Tag Archives: Jerry Sittser

“A Grace Disguised: How the Soul Grows Through Loss” by Jerry Sittser

In the fall of 1991, Jerry Sittser’s life changed when his wife, mother, and four-year old daughter were killed in a car crash while he and his other three children survived. The accident, as Sittser noted later, forced him down a course “which [he] had to journey whether [he] wanted to or not.”[1] He had to find a way to adjust to his new life as “there was no way out but ahead, into the abyss.”[2] As Sittser walked into the abyss, he kept a journal of his reflections in an effort to help process what was happening in and around him. Friends would later encourage him to write a book on the subject of catastrophic loss, hence the origins of this book.[3]

While the book A Grace Disguised contains vignettes of Sittser’s personal experience, it is not about his experience per se. Rather it is about the “universal experience of loss”[4] and the “transformation that can occur in our lives”[5] through this loss. As Sittser found in his own journey, it isn’t the “experience of loss that becomes the defining moment” of life but the way in which we “respond to loss that matters.”[6] In a way, Sittser’s book is akin to Viktor Frankl’s Man’s Search for Meaning in that both writers focus on how people respond to suffering and loss rather than trying to avoid or deny pain altogether.[7] (Sittser is familiar with Frankl’s book as he references it as something that helped him on his journey through the pain.)[8]

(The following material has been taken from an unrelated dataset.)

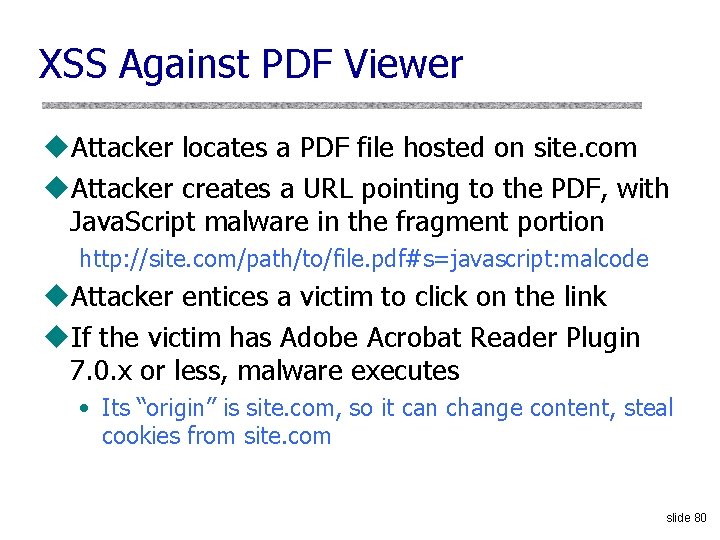 XSS Against PDF Viewer u. Attacker locates a PDF file hosted on site. com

Though the book is fairly short, I found myself struggling to make it through the pages due to the subject material. Losing my wife and/or children through a sudden catastrophic loss like Sittser is one of my secret fears that sometimes keeps me awake at night. Knowing that they could die at any moment though the sheer randomness of the universe brings all kinds of emotions to the surface. It is as Sittser comments in chapter eight, “suffering may be at its fiercest when it is random, for we are then stripped of even the cold comfort that comes when events, however cruel, occur for a reason.”[9]

I, however, disagree with Sittser’s conclusion that God is in absolute control and that every event ultimately has a reason.[10] Instead I embrace the concept that humanity is engaged in a war between the spiritual forces of good and evil. When bad things happen, they do not happen due to the will or inaction of the Creator but rather because of the war around us. Jesus, who is in the trenches with us, promises to take the negative events in our lives and use them for good through the cruciform power of his love (Romans 8:18-39). Though this war motif may not encourage everyone, it helps me deal with the pain that comes from living in this world as it means my life is part of something bigger than what I see on the surface. Which, as it happens, is similar to the reason Sittser wants God to be in control.[11] Though we traveled different paths, in the end both Sittser and myself “choose to believe that there is a bigger picture”[12] in which our lives (the good and bad) play a part.


[1] Jerry Sittser, A Grace Disguised: How the Soul Grows Through Loss (Grand Rapids, Michigan: Zondervan, 2004), 29.

[2] Jerry Sittser, A Grace Disguised, 29.

[3] Jerry Sittser, A Grace Disguised, 18.

[4] Jerry Sittser, A Grace Disguised, 18.

[5] Jerry Sittser, A Grace Disguised, 17.

[6] Jerry Sittser, A Grace Disguised, 17.

[7] Viktor E. Frankl, Man’s Search for Meaning: An Introduction to Logotherapy (New York: Simon & Schuster, 1984), 80-81.

[8] Jerry Sittser, A Grace Disguised, 46-48.

[9] Jerry Sittser, A Grace Disguised, 111.

[10] Jerry Sittser, A Grace Disguised, 149-161.

[11] Jerry Sittser, A Grace Disguised, 118-119.

[12] Jerry Sittser, A Grace Disguised, 118.